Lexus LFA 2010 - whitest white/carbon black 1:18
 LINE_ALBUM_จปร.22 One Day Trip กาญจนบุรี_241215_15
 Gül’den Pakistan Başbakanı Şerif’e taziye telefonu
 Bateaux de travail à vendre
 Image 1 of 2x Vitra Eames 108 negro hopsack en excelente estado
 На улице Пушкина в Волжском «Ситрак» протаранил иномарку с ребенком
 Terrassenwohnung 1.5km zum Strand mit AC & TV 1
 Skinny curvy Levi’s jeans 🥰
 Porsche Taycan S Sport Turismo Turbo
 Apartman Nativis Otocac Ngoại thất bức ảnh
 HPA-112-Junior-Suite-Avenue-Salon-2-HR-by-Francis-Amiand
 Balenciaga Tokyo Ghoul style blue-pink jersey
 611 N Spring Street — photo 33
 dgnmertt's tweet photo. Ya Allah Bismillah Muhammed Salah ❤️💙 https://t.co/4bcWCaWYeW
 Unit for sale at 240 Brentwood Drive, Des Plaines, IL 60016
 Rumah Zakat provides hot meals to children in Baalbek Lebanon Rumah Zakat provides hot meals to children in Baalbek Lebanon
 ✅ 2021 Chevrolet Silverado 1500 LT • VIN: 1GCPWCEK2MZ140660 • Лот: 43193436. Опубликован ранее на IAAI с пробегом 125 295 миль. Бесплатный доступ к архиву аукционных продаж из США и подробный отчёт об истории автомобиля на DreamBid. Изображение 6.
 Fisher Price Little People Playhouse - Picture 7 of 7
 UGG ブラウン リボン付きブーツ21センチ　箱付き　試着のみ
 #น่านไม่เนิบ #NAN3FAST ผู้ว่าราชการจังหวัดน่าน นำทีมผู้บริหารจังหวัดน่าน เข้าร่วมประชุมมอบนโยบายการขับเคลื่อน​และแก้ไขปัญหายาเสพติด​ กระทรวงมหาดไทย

___

Assigned task
Scan the listing for the string "photo" and copy every line that carries it.

Exercise response
 611 N Spring Street — photo 33
 dgnmertt's tweet photo. Ya Allah Bismillah Muhammed Salah ❤️💙 https://t.co/4bcWCaWYeW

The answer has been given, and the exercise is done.